== INFORMATION SHOWN ==

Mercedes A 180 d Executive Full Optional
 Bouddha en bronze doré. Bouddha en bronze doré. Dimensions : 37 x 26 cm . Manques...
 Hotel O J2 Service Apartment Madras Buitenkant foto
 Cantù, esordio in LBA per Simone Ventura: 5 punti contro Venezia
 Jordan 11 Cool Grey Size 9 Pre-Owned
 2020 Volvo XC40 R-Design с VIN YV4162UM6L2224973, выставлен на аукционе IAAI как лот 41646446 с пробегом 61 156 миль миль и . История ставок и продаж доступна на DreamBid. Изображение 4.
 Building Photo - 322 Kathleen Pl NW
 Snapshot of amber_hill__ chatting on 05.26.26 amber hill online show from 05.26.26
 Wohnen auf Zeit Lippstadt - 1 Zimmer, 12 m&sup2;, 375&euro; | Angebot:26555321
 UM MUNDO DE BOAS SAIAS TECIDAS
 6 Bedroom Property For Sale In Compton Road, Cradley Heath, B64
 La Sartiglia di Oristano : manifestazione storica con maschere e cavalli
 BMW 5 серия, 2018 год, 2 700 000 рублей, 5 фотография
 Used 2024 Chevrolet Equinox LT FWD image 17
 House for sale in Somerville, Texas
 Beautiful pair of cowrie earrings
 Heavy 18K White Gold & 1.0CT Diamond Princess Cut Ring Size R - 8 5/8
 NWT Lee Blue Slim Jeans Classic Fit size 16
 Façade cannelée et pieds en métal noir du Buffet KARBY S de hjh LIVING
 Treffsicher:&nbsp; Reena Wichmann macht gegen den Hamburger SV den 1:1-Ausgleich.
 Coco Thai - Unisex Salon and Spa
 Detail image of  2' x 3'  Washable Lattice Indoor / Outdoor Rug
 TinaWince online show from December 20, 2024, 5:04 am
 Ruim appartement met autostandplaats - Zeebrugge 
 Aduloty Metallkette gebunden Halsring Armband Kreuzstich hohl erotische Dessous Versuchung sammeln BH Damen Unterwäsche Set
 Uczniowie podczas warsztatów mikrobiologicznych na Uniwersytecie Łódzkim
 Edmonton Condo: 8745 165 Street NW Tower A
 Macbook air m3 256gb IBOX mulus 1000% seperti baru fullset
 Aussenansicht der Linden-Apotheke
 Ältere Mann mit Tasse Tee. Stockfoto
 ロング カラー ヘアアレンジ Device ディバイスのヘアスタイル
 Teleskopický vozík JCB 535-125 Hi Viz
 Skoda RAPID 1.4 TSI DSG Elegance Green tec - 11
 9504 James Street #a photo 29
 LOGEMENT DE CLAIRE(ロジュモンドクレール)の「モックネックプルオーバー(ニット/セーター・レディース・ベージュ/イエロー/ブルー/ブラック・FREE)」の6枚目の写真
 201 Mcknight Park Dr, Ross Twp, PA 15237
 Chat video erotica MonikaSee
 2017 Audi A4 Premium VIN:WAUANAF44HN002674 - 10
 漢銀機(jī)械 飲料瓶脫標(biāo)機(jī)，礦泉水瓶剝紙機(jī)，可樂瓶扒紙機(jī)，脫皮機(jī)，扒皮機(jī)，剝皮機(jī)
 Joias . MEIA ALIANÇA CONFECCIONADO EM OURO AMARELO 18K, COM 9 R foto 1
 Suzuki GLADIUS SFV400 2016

===

### WHAT YOU ARE ASKED TO DO
Exact copies of the line with "Aduloty Metallkette gebunden" and of every later line in the entries make up the whole answer.

### EXPECTED OUTPUT
 Aduloty Metallkette gebunden Halsring Armband Kreuzstich hohl erotische Dessous Versuchung sammeln BH Damen Unterwäsche Set
 Uczniowie podczas warsztatów mikrobiologicznych na Uniwersytecie Łódzkim
 Edmonton Condo: 8745 165 Street NW Tower A
 Macbook air m3 256gb IBOX mulus 1000% seperti baru fullset
 Aussenansicht der Linden-Apotheke
 Ältere Mann mit Tasse Tee. Stockfoto
 ロング カラー ヘアアレンジ Device ディバイスのヘアスタイル
 Teleskopický vozík JCB 535-125 Hi Viz
 Skoda RAPID 1.4 TSI DSG Elegance Green tec - 11
 9504 James Street #a photo 29
 LOGEMENT DE CLAIRE(ロジュモンドクレール)の「モックネックプルオーバー(ニット/セーター・レディース・ベージュ/イエロー/ブルー/ブラック・FREE)」の6枚目の写真
 201 Mcknight Park Dr, Ross Twp, PA 15237
 Chat video erotica MonikaSee
 2017 Audi A4 Premium VIN:WAUANAF44HN002674 - 10
 漢銀機(jī)械 飲料瓶脫標(biāo)機(jī)，礦泉水瓶剝紙機(jī)，可樂瓶扒紙機(jī)，脫皮機(jī)，扒皮機(jī)，剝皮機(jī)
 Joias . MEIA ALIANÇA CONFECCIONADO EM OURO AMARELO 18K, COM 9 R foto 1
 Suzuki GLADIUS SFV400 2016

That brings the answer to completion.